The pandemic has changed who we hire. In some cases it is about hiring contractors vs employees and in other cases it is about from where employees are located. In this article, we will focus on hiring employees in other states.
The remote boom resulting from the pandemic has opened new and unique opportunities to expand one’s labor pool. However, while there are benefits to doing so, one must be aware of any possible pitfalls and to plan accordingly to avoid unforeseen issues. Here are a few things to keep in mind before you decide to hire remote workers.
Employment status depends of Federal and state rules. Some states may not have any clear-cut rules, or may even have rules that conflict with your company’s home state regarding the classification of workers as an employee versus an independent contractor. On the other hand California has clear rules and regulations dictating who can or cannot be classified as an independent contractor within the state of California. It’s highly advisable to check the laws of the state of the worker’s residence, as well as engage local labor counsel for confirmation before making an offer to a prospective candidate See our posing “Employee or independent contractor and why it matters” for more information on employment status.
With a remote worker outside of your state, you may have created nexus between your business and the state of their residence. This is highly dependent on their employment status (see above) as well as the role that worker plays in the company. If the person is an employee for the company and either solicits sales or takes part in administration, there is a higher likelihood of creating nexus as opposed to if the worker was an independent contractor working on a support role.
Although the Multistate Tax Commission has created rules to add consistency to state definitions regarding which activities create nexus, not all states are in conformity and some states only partially conform. Furthermore, the payroll factor may not be the only apportionment factor affected. Depending on the worker’s status and role in the company, the revenues earned in that state may now be apportioned to that state.
The hiring of a remote worker may trigger increased compliance obligations for the company. An out of state independent contractor may only cause a company to issue a 1099 to the contractor, with the payment sourced to the contractor’s state of residence.

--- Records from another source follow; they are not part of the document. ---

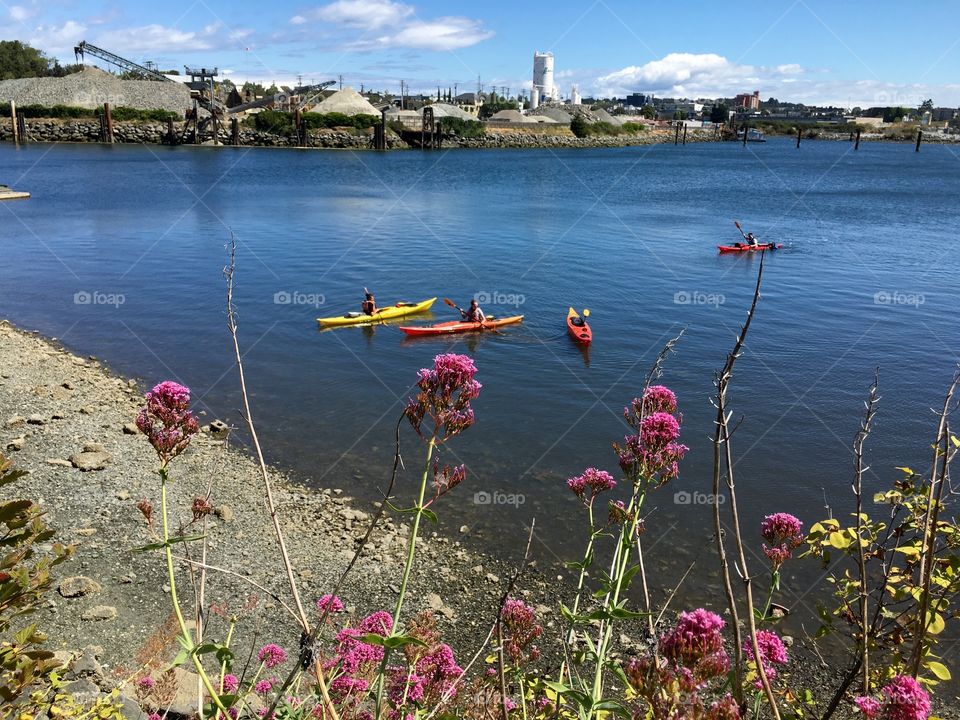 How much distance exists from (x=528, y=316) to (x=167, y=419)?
23.7 meters

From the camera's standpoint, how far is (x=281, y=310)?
27.1m

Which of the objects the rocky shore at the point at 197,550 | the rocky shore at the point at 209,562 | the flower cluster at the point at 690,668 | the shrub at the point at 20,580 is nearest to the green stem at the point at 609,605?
the flower cluster at the point at 690,668

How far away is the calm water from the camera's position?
1550 centimetres

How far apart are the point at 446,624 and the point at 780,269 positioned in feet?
99.9

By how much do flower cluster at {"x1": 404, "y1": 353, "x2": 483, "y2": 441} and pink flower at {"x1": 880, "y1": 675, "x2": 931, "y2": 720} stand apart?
1.70 m

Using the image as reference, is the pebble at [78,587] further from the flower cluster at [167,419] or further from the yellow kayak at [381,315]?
the yellow kayak at [381,315]

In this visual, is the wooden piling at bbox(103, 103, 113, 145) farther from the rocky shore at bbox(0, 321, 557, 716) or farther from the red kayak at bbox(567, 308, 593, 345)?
the rocky shore at bbox(0, 321, 557, 716)

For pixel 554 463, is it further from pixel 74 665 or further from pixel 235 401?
pixel 74 665

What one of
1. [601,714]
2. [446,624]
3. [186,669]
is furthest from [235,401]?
[601,714]

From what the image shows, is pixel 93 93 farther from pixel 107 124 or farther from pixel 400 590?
pixel 400 590

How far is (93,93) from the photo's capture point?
117m

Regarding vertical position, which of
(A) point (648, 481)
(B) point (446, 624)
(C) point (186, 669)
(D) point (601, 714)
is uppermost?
(A) point (648, 481)

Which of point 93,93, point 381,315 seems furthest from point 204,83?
point 381,315

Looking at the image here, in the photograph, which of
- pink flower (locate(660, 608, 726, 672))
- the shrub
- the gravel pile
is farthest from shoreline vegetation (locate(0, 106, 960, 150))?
pink flower (locate(660, 608, 726, 672)) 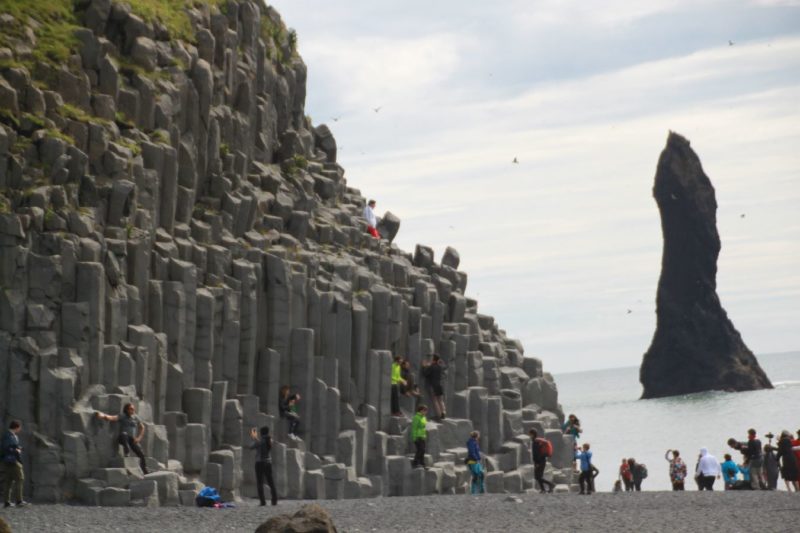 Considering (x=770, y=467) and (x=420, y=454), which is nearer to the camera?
(x=770, y=467)

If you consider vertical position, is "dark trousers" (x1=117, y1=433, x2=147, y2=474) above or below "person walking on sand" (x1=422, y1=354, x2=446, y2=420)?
below

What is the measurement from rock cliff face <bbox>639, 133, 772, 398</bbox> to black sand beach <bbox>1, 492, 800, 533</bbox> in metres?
128

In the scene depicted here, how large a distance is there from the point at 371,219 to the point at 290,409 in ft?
40.4

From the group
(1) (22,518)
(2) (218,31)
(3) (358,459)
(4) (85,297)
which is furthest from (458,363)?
(1) (22,518)

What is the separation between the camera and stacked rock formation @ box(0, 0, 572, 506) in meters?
40.5

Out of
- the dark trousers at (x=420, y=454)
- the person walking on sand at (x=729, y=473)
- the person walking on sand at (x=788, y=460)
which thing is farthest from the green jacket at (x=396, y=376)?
the person walking on sand at (x=788, y=460)

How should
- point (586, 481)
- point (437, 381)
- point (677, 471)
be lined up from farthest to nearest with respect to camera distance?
point (437, 381)
point (677, 471)
point (586, 481)

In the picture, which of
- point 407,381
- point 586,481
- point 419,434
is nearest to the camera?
point 586,481

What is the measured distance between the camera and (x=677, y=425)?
13562 centimetres

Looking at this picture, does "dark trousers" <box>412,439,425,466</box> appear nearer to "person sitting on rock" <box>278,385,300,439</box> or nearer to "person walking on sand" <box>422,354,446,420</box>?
"person walking on sand" <box>422,354,446,420</box>

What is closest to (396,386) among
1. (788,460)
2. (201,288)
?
(201,288)

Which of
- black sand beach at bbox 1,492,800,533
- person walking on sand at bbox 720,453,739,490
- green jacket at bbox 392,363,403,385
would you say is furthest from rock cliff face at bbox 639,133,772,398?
black sand beach at bbox 1,492,800,533

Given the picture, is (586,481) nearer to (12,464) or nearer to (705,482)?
(705,482)

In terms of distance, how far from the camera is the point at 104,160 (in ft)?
144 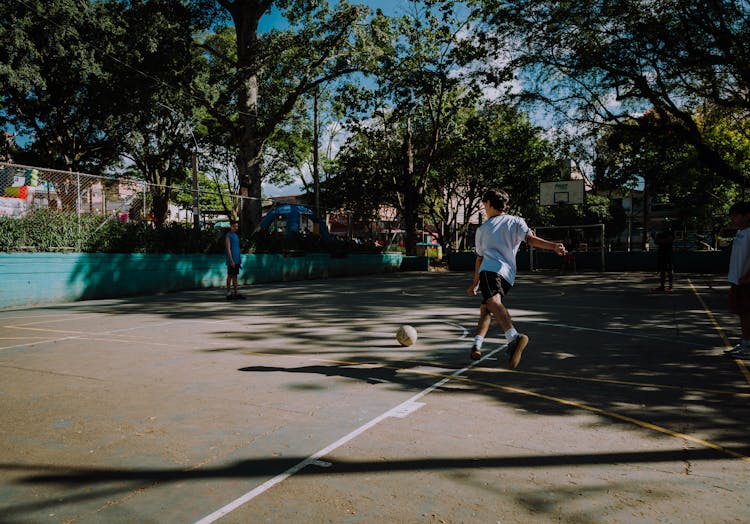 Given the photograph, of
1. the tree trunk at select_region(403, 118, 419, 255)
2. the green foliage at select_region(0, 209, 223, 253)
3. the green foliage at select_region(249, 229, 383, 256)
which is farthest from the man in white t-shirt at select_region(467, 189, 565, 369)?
the tree trunk at select_region(403, 118, 419, 255)

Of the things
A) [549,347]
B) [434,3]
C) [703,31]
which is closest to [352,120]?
[434,3]

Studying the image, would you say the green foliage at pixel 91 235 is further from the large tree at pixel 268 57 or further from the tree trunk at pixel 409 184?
the tree trunk at pixel 409 184

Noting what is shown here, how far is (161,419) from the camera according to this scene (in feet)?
12.6

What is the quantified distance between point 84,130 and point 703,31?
30.9 m

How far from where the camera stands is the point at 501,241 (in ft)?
18.2

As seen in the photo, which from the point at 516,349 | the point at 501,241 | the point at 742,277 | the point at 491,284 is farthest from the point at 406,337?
the point at 742,277

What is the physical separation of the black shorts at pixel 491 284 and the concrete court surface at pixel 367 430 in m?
0.84

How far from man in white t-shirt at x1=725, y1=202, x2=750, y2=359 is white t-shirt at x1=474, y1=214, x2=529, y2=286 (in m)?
2.85

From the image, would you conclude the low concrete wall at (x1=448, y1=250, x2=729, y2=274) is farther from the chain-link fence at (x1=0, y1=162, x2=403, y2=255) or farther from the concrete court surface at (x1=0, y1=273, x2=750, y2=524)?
the concrete court surface at (x1=0, y1=273, x2=750, y2=524)

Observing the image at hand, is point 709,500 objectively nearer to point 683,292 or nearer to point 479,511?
point 479,511

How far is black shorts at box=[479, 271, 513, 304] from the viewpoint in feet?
18.0

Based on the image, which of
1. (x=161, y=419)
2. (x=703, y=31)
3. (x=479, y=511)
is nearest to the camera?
(x=479, y=511)

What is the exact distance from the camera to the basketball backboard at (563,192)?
31.0 meters

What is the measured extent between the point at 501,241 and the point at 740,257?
3.23 m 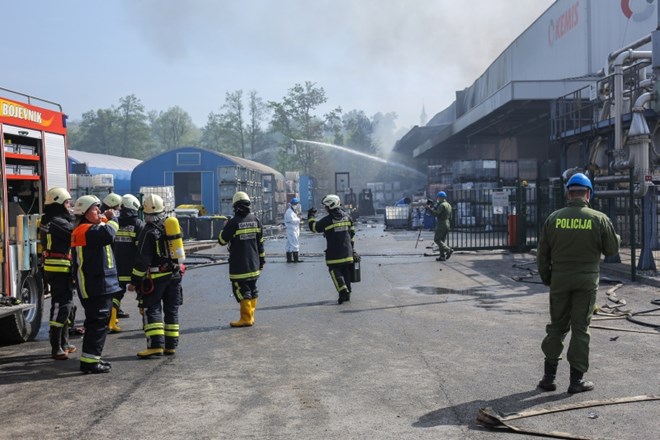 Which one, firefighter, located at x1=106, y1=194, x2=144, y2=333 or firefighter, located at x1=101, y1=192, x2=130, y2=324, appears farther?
firefighter, located at x1=101, y1=192, x2=130, y2=324

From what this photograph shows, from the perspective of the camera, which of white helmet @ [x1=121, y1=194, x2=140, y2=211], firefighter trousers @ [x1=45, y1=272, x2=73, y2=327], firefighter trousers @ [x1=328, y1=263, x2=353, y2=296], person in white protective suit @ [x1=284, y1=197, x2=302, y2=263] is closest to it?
firefighter trousers @ [x1=45, y1=272, x2=73, y2=327]

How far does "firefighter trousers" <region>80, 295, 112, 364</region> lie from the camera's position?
6285mm

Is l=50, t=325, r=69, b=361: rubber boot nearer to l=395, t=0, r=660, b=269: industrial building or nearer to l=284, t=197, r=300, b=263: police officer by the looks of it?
l=395, t=0, r=660, b=269: industrial building

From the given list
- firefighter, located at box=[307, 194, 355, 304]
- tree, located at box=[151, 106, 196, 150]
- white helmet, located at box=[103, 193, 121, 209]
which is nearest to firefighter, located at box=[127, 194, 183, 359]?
white helmet, located at box=[103, 193, 121, 209]

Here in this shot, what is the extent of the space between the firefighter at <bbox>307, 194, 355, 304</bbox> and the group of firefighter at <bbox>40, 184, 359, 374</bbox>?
1.63 m

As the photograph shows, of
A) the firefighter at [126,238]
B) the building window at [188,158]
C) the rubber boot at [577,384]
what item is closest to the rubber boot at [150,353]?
the firefighter at [126,238]

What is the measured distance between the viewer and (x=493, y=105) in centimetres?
2703

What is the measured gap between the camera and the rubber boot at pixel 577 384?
5.35m

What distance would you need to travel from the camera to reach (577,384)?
5.36m

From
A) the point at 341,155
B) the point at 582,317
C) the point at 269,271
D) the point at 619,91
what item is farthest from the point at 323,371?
the point at 341,155

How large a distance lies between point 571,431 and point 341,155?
75.8 m

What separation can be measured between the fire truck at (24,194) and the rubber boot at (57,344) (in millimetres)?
456

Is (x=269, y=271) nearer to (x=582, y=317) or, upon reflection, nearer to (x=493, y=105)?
(x=582, y=317)

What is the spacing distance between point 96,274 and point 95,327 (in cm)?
53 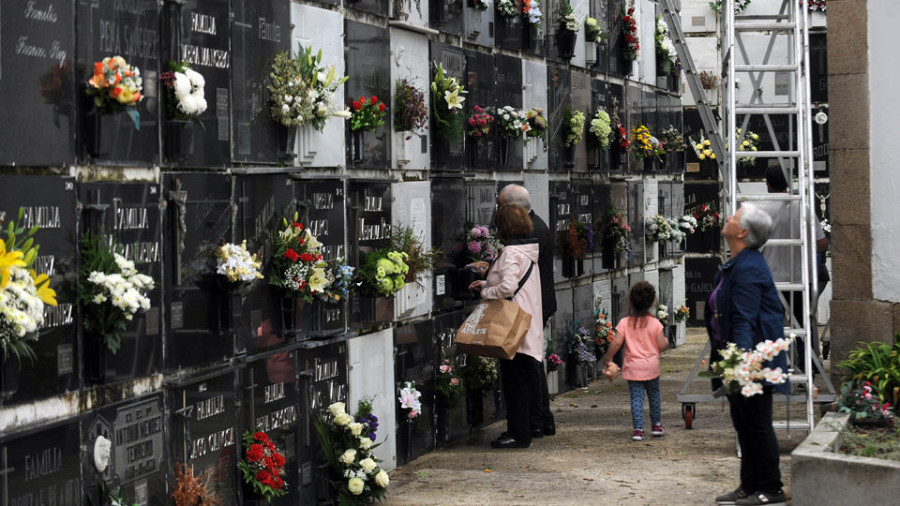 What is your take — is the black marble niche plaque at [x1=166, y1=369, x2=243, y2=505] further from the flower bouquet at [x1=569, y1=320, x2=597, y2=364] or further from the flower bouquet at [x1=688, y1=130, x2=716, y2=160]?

On the other hand, if the worker is an employee, the company will be responsible for withholding federal and state payroll taxes for the employee and file quarterly payroll tax forms as well as an IRS Form W2 at year end.
Depending on the worker’s role and the resulting impact on creating nexus where the work is performed, the company may also be obligated to file an income tax return with that state. In addition to income tax considerations for sales, companies also need to consider sales tax nexus. Depending on the good or service provided, sales may be subject to sales tax and require the company to both collect and remit sales tax and file a sales tax return. Depending on the jurisdiction and level of activity, this may be filed on either a monthly, quarterly or annual basis. Although sales tax has been a secondary concern in years past, the ruling on the Wayfair case by the Supreme Court has resulted in sales tax becoming a more significant issue.